実データから品質不良などの原因分析、日米で特許取得

 2015.04.08−PreFEED(本社・東京都目黒区、熊谷善夫社長)は、化学プラントのビッグデータを効率良く解析する新手法を開発、このほど特許(日本・米国)を取得した。「累積異常解析」(Discretized Data Analysis:DDA)と名付けており、実際に化学企業などに対するコンサルティングを通じ、製造プロセスでの品質不良の原因特定などで威力を発揮したという。エクセルを使って解析できるため、敷居が低いのも特徴。今後、同様にデータ変数が多いバイオや食品なども含めてこの技術の適用分野を広げていく。

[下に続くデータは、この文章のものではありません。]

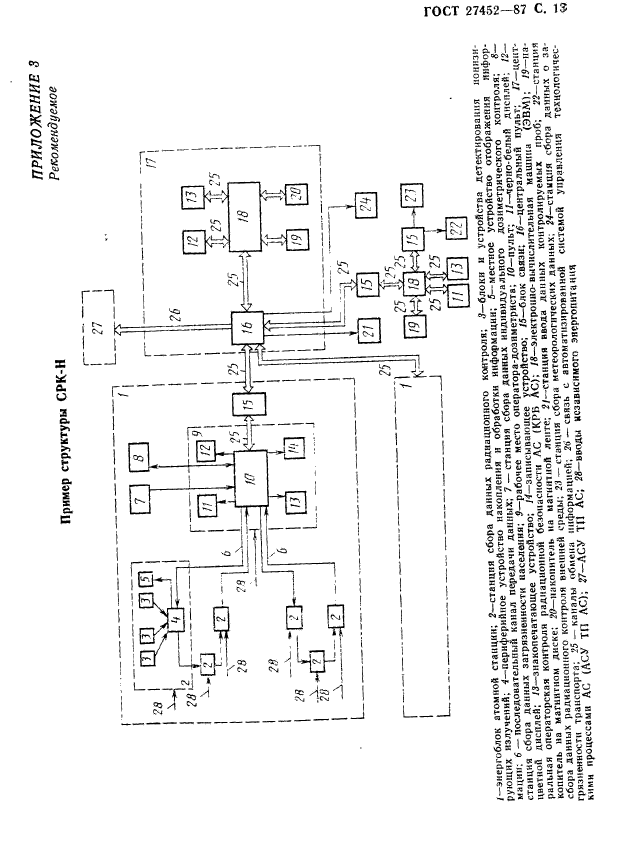  27452-87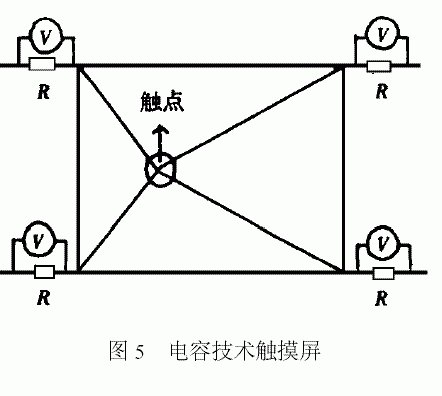 触摸屏技术的结构原理及应用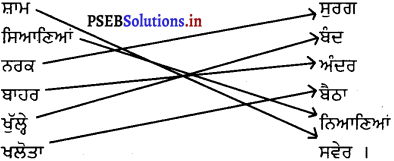 PSEB 8th Class Punjabi Solutions Chapter 1 ਜੈ ਭਾਰਤ ਮਾਤਾ 1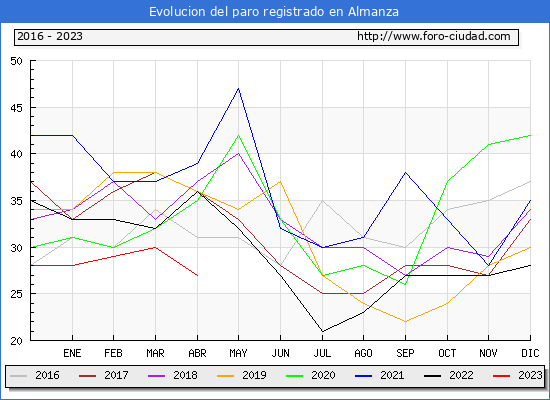 Evolución de los datos de parados para el Municipio de Almanza hasta Abril del 2023.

 化学プラントには数多くのセンサーがあり、現場ではまさにビッグデータが集積されている。しかし、連続やバッチなど工程もさまざまで、工程ごとにデータ測定頻度が異なることに加え、原料ロット変更や供給スチーム圧力変動、リサイクル組成の変化など、外乱となる要素がいくつもある。このため、多くの変数が複雑に影響し合い、多変量解析などの手法を用いても、データ間の相関関係を調べることが困難な場合が多かった。

 実際、製品の色品質悪化の原因を探りたいという顧客の要望に対処した事例では、研究開発段階では温度と色に関係があることがわかっていたものの、実際のプラントデータからは両者の相関を示す数値は得られなかった。そこで、閾値を設定してデータを離散化し、正常か異常かに二値化して、異常が生じた回数を累積させることにした。

 経験的に、異常な事象を示す割合は、全データ件数のうち1〜2割であると設定し、その数まで異常が累積するように閾値を調整する。色と温度のデータの閾値をそれぞれそのように調整すると、両者に強い相関があらわれることがわかった。

 一方、どのデータが異常に関係しているかの事前知識がまったくない場合でも、累積異常解析手法を利用して、関係が強いと思われる因子をあぶり出すことが可能。例えば、製品純度の低下因子を特定するケースでは、純度の異常を累積した曲線をテンプレートにし、プラントから得られた原料濃度、反応収率、温度、加熱後収率、濃縮後液量のデータを、閾値から外れた累積異常曲線としてプロットして重ねてみる。そうすると、濃縮後の液量が少ないときと製品純度の低下のタイミングが一致していること、また加熱後の収縮が低い場合も同様のパターンを示すことが判明する(別図参照)。

 このように、累積異常解析は、累積異常曲線の変曲点が一致している変数が原因変数である可能性が高いという前提に従って解析を進める。通常の統計解析で因子をみつけにくい場合に有効な手法で、幅広い条件でのプラントの実際の挙動を示しているビッグデータをそのまま用いるので、プラントの安全運転や品質・収率の向上を図ることに役立つという。

 同社では、今回の特許に関し、個人での利用には制約を設けない考え。ただし、DCSなどとつないでプラントや工場規模でオンライン解析・オフライン解析などに応用する場合は、正式にライセンス契約が必要になる。